Nach der Gewalttat gegen fünf Frauen in Genf äussert sich erstmals der zuständige Sicherheitsdirektor Pierre Maudet. Im Interview mit dem SonntagsBlick kündigt der Präsident der Konferenz der Kantonalen Justiz- und Polizeidirektoren (KKJPD) Massnahmen an. Ziel sei es, den Kampf gegen Gewalt an Frauen zu verstärken und national zu koordinieren.
Die Nachricht erreichte Sie in den Ferien im Ausland: Eine junge Frau wurde in Genf ins Koma geprügelt.

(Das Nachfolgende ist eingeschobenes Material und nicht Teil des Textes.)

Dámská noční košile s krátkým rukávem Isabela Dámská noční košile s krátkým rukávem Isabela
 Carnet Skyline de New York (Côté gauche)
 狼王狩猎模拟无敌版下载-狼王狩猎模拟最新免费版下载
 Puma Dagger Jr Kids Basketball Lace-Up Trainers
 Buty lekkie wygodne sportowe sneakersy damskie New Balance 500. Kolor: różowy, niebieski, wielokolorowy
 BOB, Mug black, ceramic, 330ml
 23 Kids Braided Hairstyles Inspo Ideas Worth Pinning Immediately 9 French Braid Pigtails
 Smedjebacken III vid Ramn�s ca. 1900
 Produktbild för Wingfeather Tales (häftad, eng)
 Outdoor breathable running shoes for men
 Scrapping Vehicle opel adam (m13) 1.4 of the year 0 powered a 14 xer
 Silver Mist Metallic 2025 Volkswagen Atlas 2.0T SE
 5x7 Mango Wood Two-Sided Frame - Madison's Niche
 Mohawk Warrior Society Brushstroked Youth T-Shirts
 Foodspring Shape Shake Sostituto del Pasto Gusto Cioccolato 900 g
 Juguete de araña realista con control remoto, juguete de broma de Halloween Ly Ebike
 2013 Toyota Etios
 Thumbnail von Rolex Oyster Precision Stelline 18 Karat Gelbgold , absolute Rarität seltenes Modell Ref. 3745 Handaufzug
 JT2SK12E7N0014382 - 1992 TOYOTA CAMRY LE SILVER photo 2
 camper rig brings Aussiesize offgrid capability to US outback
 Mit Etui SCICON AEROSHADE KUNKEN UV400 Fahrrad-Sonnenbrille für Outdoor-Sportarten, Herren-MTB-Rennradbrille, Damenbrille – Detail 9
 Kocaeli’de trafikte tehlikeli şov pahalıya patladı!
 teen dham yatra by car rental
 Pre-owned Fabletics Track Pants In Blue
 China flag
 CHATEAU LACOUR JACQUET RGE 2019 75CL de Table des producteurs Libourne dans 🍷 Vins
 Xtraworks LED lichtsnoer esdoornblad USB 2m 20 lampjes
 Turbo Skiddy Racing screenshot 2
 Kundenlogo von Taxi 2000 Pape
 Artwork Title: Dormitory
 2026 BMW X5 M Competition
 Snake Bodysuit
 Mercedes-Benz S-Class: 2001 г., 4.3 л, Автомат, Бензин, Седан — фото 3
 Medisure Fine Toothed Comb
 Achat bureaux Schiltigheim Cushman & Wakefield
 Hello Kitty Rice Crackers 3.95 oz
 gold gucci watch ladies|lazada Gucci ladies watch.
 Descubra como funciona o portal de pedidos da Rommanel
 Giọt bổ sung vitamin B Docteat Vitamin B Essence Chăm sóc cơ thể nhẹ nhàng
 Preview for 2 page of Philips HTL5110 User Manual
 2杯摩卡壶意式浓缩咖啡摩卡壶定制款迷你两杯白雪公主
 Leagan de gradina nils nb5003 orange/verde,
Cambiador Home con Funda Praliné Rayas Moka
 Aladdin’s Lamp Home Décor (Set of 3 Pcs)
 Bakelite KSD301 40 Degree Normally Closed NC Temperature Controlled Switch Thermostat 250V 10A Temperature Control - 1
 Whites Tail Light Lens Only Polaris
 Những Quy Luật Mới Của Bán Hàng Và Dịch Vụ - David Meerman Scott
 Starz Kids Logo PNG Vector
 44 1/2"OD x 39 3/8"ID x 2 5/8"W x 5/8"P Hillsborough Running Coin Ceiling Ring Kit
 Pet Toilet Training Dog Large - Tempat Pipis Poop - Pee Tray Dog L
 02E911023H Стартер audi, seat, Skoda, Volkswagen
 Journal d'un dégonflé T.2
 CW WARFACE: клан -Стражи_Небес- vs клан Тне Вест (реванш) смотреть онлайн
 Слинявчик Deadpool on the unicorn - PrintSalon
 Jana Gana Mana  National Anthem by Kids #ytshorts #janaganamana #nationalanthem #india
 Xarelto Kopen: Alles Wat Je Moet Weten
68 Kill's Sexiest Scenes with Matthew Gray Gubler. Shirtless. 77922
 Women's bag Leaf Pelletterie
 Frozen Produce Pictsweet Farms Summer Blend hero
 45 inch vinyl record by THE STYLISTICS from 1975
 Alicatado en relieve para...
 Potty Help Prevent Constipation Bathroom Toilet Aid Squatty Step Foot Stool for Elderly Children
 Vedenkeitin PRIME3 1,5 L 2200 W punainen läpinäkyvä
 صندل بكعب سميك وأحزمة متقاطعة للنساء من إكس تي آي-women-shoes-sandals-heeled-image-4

Was ging Ihnen als Erstes durch den Kopf?
Pierre Maudet: Ich war schockiert. Und dann wütend.
Wütend auf wen?
Auf die Täter. Auf Menschen, die so etwas tun. Meine Eltern haben mir schon als Kind vermittelt: Frauen schlägt man nicht. Leider ist das noch immer nicht für alle selbstverständlich.
Auch an der Street Parade in Zürich wurden Frauen begrapscht und geschlagen. Mehren sich solche Fälle?
Die Zahl der Attacken ist nicht gestiegen, die Angriffe aber werden brutaler. Oft kommen sie aus dem Nichts, ohne ersichtlichen Grund. Dieses Phänomen macht mir Sorgen.
Die Hemmschwelle sinkt. Wie erklären Sie sich das?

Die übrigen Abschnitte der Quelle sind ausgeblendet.